During my long history of one and a half years as a teacher, I have developed a great understanding of effective methods of educating my students. With my great intellect, I have discerned that a fundamental aspect of being a successful teacher is earning the respect of one's students.
Traditionally, respect is earned by instilling a sense of fear or love in one's subjects. Machiavelli famously argued that since love is fickle, governing by fear is by far the more effective way to guarantee obedience. Another great man by the name of Michael Scott is known for his insightful response to the question, "As a leader, would you rather be feared or loved?" To which he replied, "Both. I want people to be afraid of how much they love me." Let that sink in for a bit.
By adhering to the strict philosophy preached by these virtuous men, I have managed to establish phenomenal order and efficiency in my modest classroom. I dare say at this point in my great undertaking, I have earned both the respect and love of every single student that has been graced by my presence. At this point I would like to expound the secrets to my raging success.
As a teacher, we are given great power over our students. And with great power comes great responsibility, as Jesus once said. Though is it my job to teach U.S. history, I consider it my duty to do not only that, but also bestow upon my pupils the wisdom that only comes from having existed on this planet for 24 long years. I'm like Robin Williams in Dead Poet's Society, except younger, taller, and I haven't led any of my students to suicide. (Spoiler alert.)
The first thing I do at the beginning of each term is assign a paper where students write about and examine their greatest insecurities. This gives them the illusion that I actually care about them, and allows me to learn their weaknesses so I can exploit them in the future. For example, there's nothing more motivating to a student than scribbling "Try harder next time, fatty" on the poorly written essay of a girl who's insecure about her weight.
To prepare them for the real world, I have also threatened to fire students from my class if they are unable to turn in a report on time. Upon learning that this was against school policy, I had to adjust my tactics. So instead, I hung up two giant poster boards in front of the class titled "Students who will never succeed in life" and "Students likely to end up in prison". This has been superb in encouraging them to be punctual and well-behaved, and students that end up with their name on either of these boards often leave the class anyway.
I am also careful not to grade papers while in a good mood. It's important to make sure that positive feelings don't affect my godlike judgement. In order to avoid giving any undeserved A's, I get drunk and watch those animal cruelty videos that vegans send people to convince them not to eat meat. This gets me fired up and passionately antagonistic, which is the only state in which one can grade a student's writing fairly.
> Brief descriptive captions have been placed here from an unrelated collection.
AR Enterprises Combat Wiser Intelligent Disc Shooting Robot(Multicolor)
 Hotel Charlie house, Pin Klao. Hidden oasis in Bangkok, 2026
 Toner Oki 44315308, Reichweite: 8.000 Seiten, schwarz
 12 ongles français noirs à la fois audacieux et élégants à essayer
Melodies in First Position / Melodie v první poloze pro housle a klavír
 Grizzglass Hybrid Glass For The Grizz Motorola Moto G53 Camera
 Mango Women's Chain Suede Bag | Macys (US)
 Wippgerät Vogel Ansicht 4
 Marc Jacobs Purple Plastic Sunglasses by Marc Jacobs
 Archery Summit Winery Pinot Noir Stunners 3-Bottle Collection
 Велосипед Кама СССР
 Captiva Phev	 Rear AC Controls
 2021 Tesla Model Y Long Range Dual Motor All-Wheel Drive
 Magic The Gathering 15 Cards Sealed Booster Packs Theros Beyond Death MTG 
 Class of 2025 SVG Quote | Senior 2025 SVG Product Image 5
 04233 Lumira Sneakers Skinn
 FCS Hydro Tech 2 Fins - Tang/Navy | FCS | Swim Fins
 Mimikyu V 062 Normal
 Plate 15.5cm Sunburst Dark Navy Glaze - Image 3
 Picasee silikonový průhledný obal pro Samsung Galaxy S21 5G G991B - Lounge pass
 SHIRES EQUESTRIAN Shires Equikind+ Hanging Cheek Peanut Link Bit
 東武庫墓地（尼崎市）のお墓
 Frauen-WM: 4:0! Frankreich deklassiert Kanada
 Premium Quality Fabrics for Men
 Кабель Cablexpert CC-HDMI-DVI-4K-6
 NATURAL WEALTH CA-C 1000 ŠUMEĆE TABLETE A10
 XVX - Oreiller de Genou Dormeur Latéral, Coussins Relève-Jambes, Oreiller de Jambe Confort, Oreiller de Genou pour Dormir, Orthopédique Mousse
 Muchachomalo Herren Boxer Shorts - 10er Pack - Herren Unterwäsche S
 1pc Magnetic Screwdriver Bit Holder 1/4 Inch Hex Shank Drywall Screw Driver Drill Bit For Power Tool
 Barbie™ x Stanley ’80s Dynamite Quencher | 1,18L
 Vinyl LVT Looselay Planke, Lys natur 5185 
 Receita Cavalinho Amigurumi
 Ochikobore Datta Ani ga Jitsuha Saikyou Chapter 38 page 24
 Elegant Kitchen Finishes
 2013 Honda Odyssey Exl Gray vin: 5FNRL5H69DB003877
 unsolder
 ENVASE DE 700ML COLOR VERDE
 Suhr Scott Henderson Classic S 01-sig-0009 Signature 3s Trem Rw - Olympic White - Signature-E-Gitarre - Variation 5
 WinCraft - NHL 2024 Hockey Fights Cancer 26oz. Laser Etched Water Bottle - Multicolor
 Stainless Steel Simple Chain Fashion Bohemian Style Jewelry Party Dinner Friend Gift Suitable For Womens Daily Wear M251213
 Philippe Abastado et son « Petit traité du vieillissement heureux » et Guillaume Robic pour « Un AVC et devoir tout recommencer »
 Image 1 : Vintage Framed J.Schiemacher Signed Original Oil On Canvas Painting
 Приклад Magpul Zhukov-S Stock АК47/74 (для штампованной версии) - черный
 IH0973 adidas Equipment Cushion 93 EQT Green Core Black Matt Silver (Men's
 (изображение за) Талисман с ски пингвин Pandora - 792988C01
To help my students focus during tests, I have created mix tapes of whale sounds and postmodern atonal classical music to play during exams. I would highly recommend this to any teacher. Your students will respect how cultured you are. As a true testament to the success of this practice, some of my class have even begun singing along with the whale sounds. However, they are not very good at it, and it often sounds as if they are simply groaning. But I can't blame them for being tone deaf. I'm just glad they enjoy it so much.
As a final suggestion for the teachers out there who are truly dedicated to their occupation, getting a large elaborate tattoo can be an incredible asset in earning the respect of your students. For bonus points, be sure to show it off by picking fights with other teachers and taking your shirt off to reveal the extent of your beautifully inked bod. This demonstrates your ability to take pain as well as a great fighting spirit. Everyone will think you are totally cool.
And isn't that what being a teacher is really all about?